This repository contains code to easily fine-tune pre-trained large speech recognition models on single or multiple GPUs.
Start by cloning the repository:
git clone https://github.com/aitor-alvarez/large-speech-models
Then install cd into the directory and install requirements:
pip install -r requirements.txt
There is only one configuration file model_asr.sh Inside this file you will find all the parameters needed.
python models/asr.py \
--model_id='facebook/wav2vec2-xls-r-300m' \
--num_epochs=30 \
--batch_size=16 \
--lang='ar' \
--dataset='mozilla-foundation/common_voice_11_0' \
--output_dir='fine_tuned_models' \
--train_test='train'
Parameters:
-model_id: string use either a huggingface pretrained model (like above) or a local directory with the pre-trained model.
-num_epochs: int
-batch_size: int
-lang: string use language code if using CV (https://huggingface.co/datasets/common_voice).

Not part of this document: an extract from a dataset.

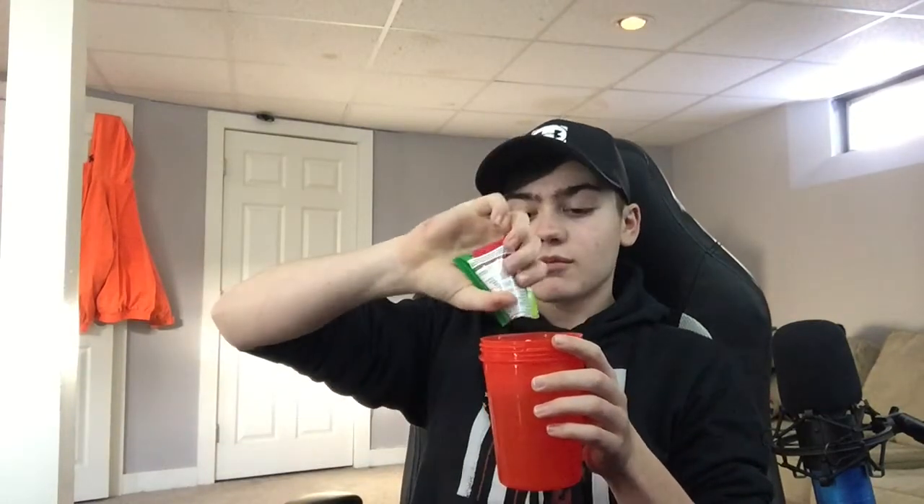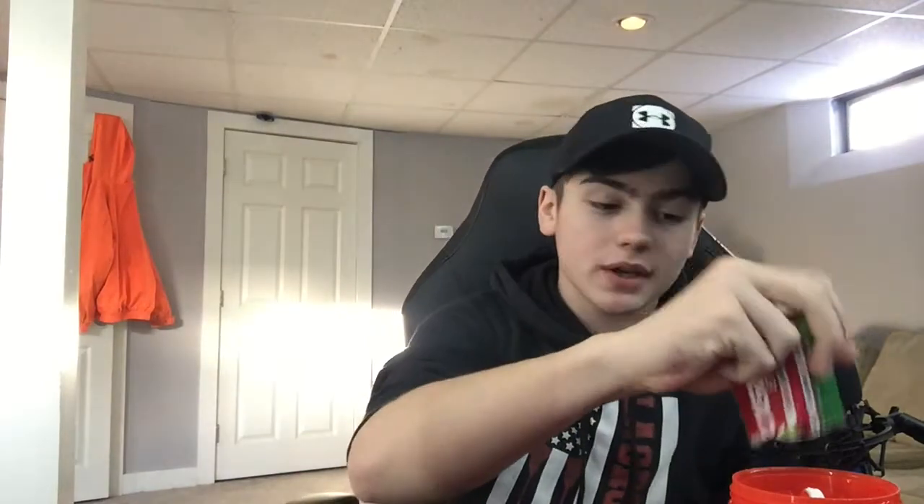One pack equals one serving, so you don't have to worry about measurements. That's why I personally like packs — with tubs, you have to scoop and level it, and the powder can become compact so servings aren't always accurate. The packets are each pre-measured; all you do is tear it open. It's a little wasteful, but the measurements are reliable.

-dataset: string a dataset from transformers library datasets.
-output_dir: string directorry where the fine-tuned model will be saved.
-train_test: string either 'train' or 'test' depending on whether you are fine-tuning or using a fine-tuned model for inference.
If using a custom dataset you can use the following parameter instead of "dataset":
-data_folder: string provide the path to your local dataset following the format of transformers dataset library (https://huggingface.co/docs/datasets/create_dataset)
If using data_folder you will need to use data_lang with language code.
This code was done with the idea of fine-tuning Wav2vec and Whisper for Arabic.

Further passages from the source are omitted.